Exercise —
Repeat the listing exactly. Any picture in it should be left out of the copy.

[Data shown — start]

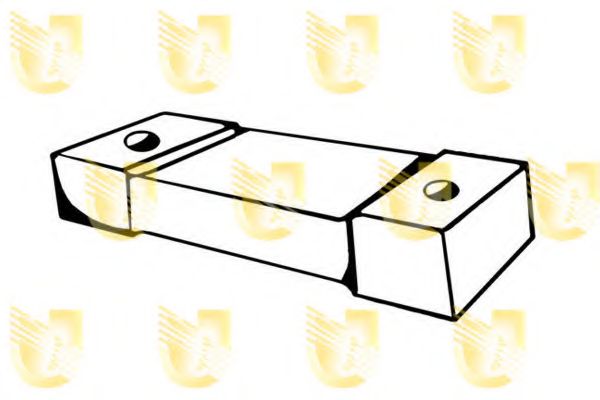 Резиновые полоски, система выпуска UNIGOM 165120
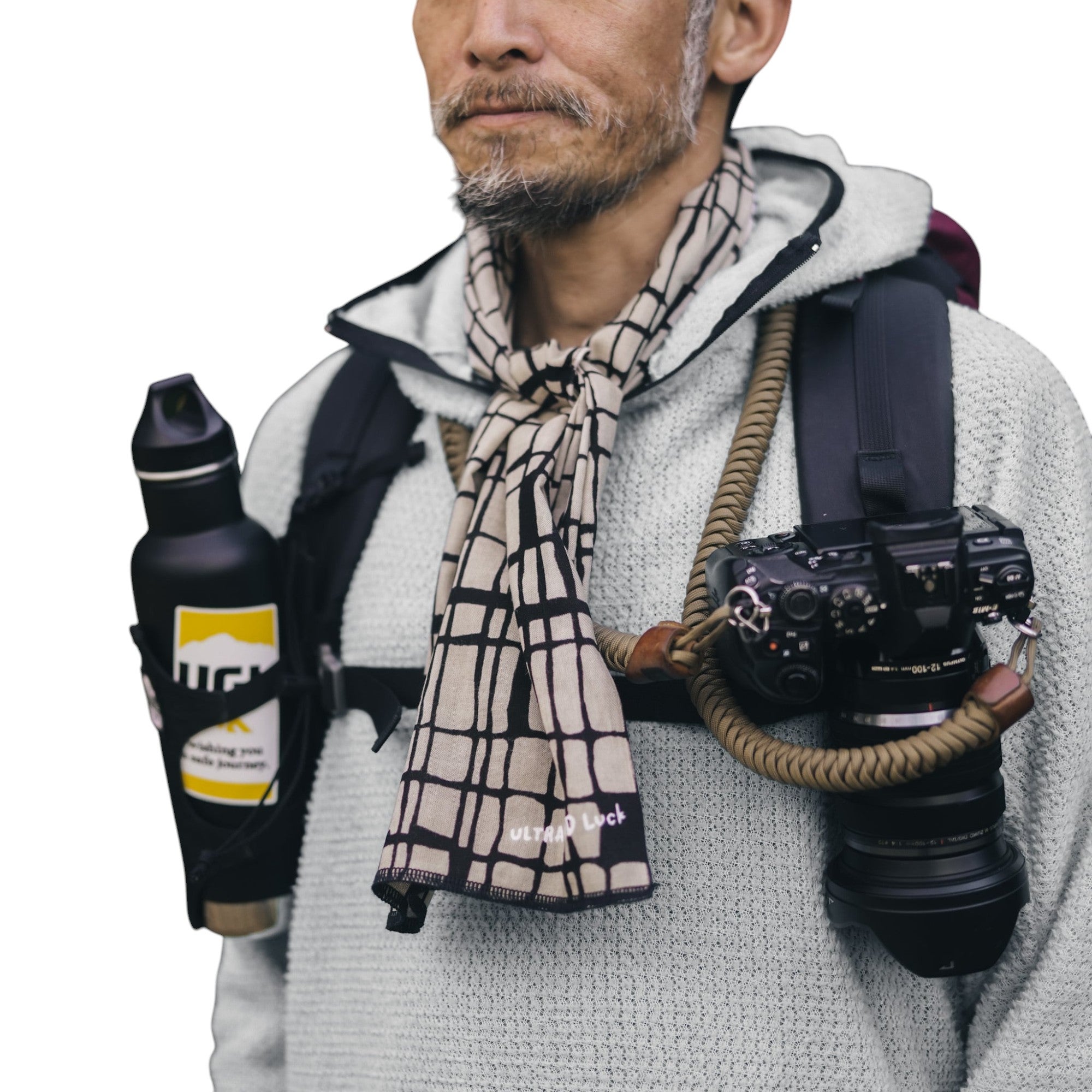 ULTRA GOOD LUCK】旅のてぬぐい / 道 | LEISURES HIKE&CAMP&LONGTRAIL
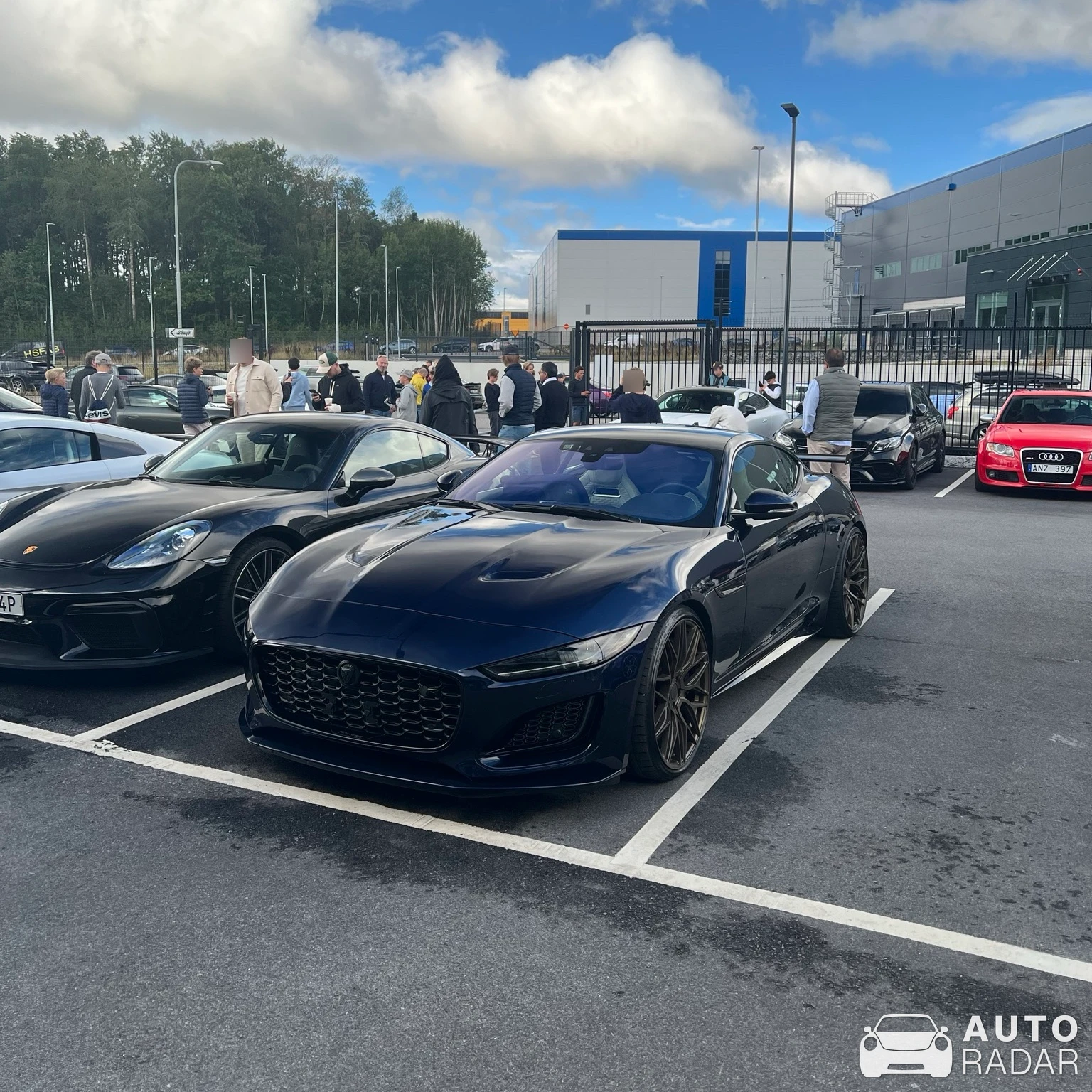 Jaguar F-Type R Coupé 2020 spotted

[Data shown — finish]

Completed exercise —
 Резиновые полоски, система выпуска UNIGOM 165120
 ULTRA GOOD LUCK】旅のてぬぐい / 道 | LEISURES HIKE&CAMP&LONGTRAIL
 Jaguar F-Type R Coupé 2020 spotted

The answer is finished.